5年、10年、20年を同じ入力のまま回す
居住年数は一つに決め打ちせず、転職するかもしれない5年、仕事や親の状況が変わりそうな10年、長く住む20年など複数回試す。購入には最初の諸費用があり、短期間ではその比重が大きく見える。年数が延びればローン残高は減る一方、管理費、修繕積立金、税・保険、専有部修繕は積み上がる。賃貸も家賃と更新費用が続き、入力した回数だけ住み替え費用が加わる。
年数を変えるとき、売却想定額も同じままにしない。5年後と20年後で同じ価格を置けば、比較したい仮定まで混ざる。各期間について周辺取引とローン残高を確認し、通常案と厳しめ案を入れ直す。「何年で購入が得になるか」を一点で探すより、自分が移りたい年に現金を用意できるかを見る。

売却手取りがマイナスでも、計算エラーではない
売却想定額から売却費用とローン残高を引いた結果がマイナスなら、売る日に差額資金が必要という仮定になる。ツールは0円へ丸めず、その負担を購入純支出へ加える。実際に売却できる価格や費用は確定していないため、そこで不安を煽らず、残高証明、査定の前提、住み替え時期、売却までの二重負担を確認する。
入力は広告の返済例ではなく、自分が受け取った資料から
購入価格とローン金利だけを広告から写さない。購入諸費用、管理費、修繕積立金、税・保険、専有部修繕、売却時の残高まで埋める。返済案は住宅金融支援機構の住宅ローンシミュレーションでも条件を変え、金融機関の正式な見積りと照合する。
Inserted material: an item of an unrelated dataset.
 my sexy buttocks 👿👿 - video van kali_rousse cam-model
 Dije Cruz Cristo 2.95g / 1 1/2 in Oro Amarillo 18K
売却想定額は一社の査定を確定額にしない。近い地域、面積、築年、時期の取引を国土交通省の不動産情報ライブラリで複数確認し、通常案と厳しめ案を自分で置く。マンションなら管理・修繕の状態も価格や住み続けやすさと別に確認する。
金額に出ない四つは、別の表へ残す
移りやすさ
転職、介護、体調、近隣環境が変わったとき、何か月・いくらで離れられるか。
変えられる範囲
内装、設備、ペット、仕事利用をどこまで自分で決めたいか。
管理する責任
契約更新を続ける負担と、管理組合・修繕・専有部故障を担う負担のどちらか。
将来の動線
階段、通院、買い物、保証、緊急連絡、見守りをどちらの住まいでも準備できるか。
判断条件を物語と一緒に整理したい場合は、ひとり暮らしは賃貸と購入どっち?へ進む。購入側の収入減・金利・出口を詳しく見るなら一人で家を買う前の住宅耐久テスト、賃貸側の更新・保証・家賃耐久を見るなら一人暮らしの賃貸見直しで補う。
物件検索・住宅相談へ進む前に、結果を一枚にする
相談先へは「どちらが得ですか」と丸ごと渡さない。比較年数、通常案、厳しめ案、購入直後に必要な現金、住宅費以外に守る支出、転居可能性を持っていく。サービスの立場、対象物件・金融機関の範囲、料金・報酬、入力情報の共有先、営業連絡の止め方も確認する。
広告サービスを掲載する場合も、立場、対象範囲、料金、情報共有先を確認できたものだけにする。広告報酬で賃貸・購入の結果を変えず、掲載が終了しても比較結果と確認手順は残す。